Youth Climate Action Educational Garden built by Chloe Smith
My project began with a prior idea to create an educational garden space for community groups, such as the Girls Scouts, who I have partnered with here. Even though I had this idea for building an education garden for some years – it wasn’t until May of this year that I was approached by a Brownie troop leader, who had an established, but in poor condition, plot at the Zinsser community garden. It was also shared with me, there was a possibility of applying to the Bloomberg Philanthropies Youth Climate Action Fund, all of which seemed too perfect. This was simply an amazing opportunity to put into action an old idea of mine, which was to create a local garden primarily for children. I feel not only lucky, but grateful for everything that permitted my idea to become reality.
A space such as the one I have created permits both children and adults to learn about plants and how they benefit the environment. The totality of the garden project has been built and designed with many distinctive, yet cohesive parts.
In the garden space, the perimeter portion of the garden (which consists of the numerous stepped planting boxes seen below), will permit children to learn about how pollinator plants and native plants are crucial to maintaining the balance in any ecosystem. The pollinator portion of the garden will help to stabilize and balance the local environment, leading to the plants in the surrounding areas to thrive. This is because attracting a greater amount of pollinators to the area is going to allow those same pollinators to help the native plants produce and reproduce seeds, continuing the life cycle of local plants. Without sufficient pollinators, the native and interior garden plants would be unable to thrive and reproduce, causing the plants to essentially die. The role of native and interior garden plants is to provide excess nectar and pollen to the pollinators, resulting in the local native plants that require less resources be able to thrive. Native plants also help stabilize the environment as they contribute to healthy air quality and prevent run-off. Overall, in having the pollinator portion of the garden, children can learn not only about the concepts above, but also about the basic level of gardening and food systems, as it serves as an introduction to teach about crops and/or how pollen affects the growth system of more than just our local native plants. That said, my prior idea for an educational garden was not only to create a standard perimeter pollinator garden, but also to create an interior sensory garden.
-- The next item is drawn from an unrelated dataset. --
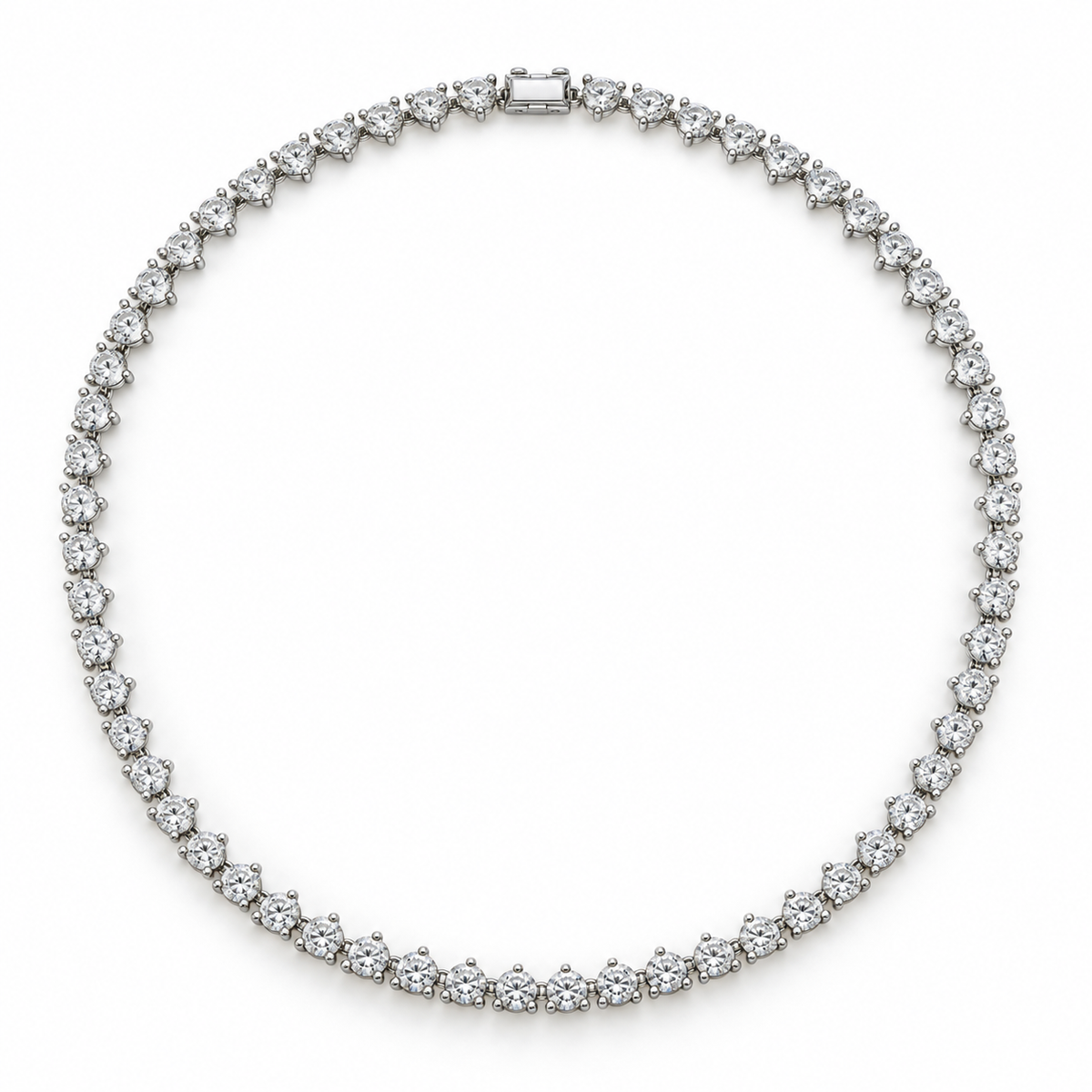 Three-Prong Round Lab Diamond Tennis Necklace in 14K white gold — illustrative design rendering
The interior sensory garden portion of the garden is where one’s senses can be stimulated and exercised, allowing for a more personal experience. In this part of the garden (primarily the four interior planting boxes and arbor seen in the photos below), you are not restricted to just looking (various plantings and a wind-spinner), but you are feeling (the texture of diverse plantings), smelling (the aromas of diverse plantings), and even hearing (via the use of varied materials used for the walking areas and windchimes hanging from the arbor). For visiting children, the sensory garden is a tool to experience the physical/non-virtual world with a number of their senses, while also spending time outside the constraints of an indoor classroom, or an electronic device. These gardens not only appeal to different senses, but they encourage students to be observant of the elements that the plants and other items in the garden contain. “They help children develop important life skills including emotional regulation and self-reliance.(Austin-Benefits of a Sensory Garden), this article goes in depth to describe how children having a role in the garden helps this development, and how sensory gardens are essential in this. This, along with other factors, such as the fact I am a Girl Scout myself, are the reasons why I am fortunate to have been given a Brownie troop plot to construct, as I created a larger role for them outside the pollinator and sensory garden with the addition of an exterior learning space.
The exterior learning space is forward-looking to the future for use as an area for any troop to pursue any badges and achievements they are working towards, or for any Hastings resident to sit and potentially spend some time learning. This is because (as can be seen in the photos below), the fixed benches create a designated area that mimics a traditional classroom set up. The same fixed benches can be supplemented by two movable benches that will be available for groups as well. Whereas, the full-time educational aspects of the exterior space is designed to be accessible to all who spectate the garden, specifically in the form of an informational kiosk (which will be placed to the right of the fixed benches), as well as a website that will be reachable from a posted QR code inside the kiosk.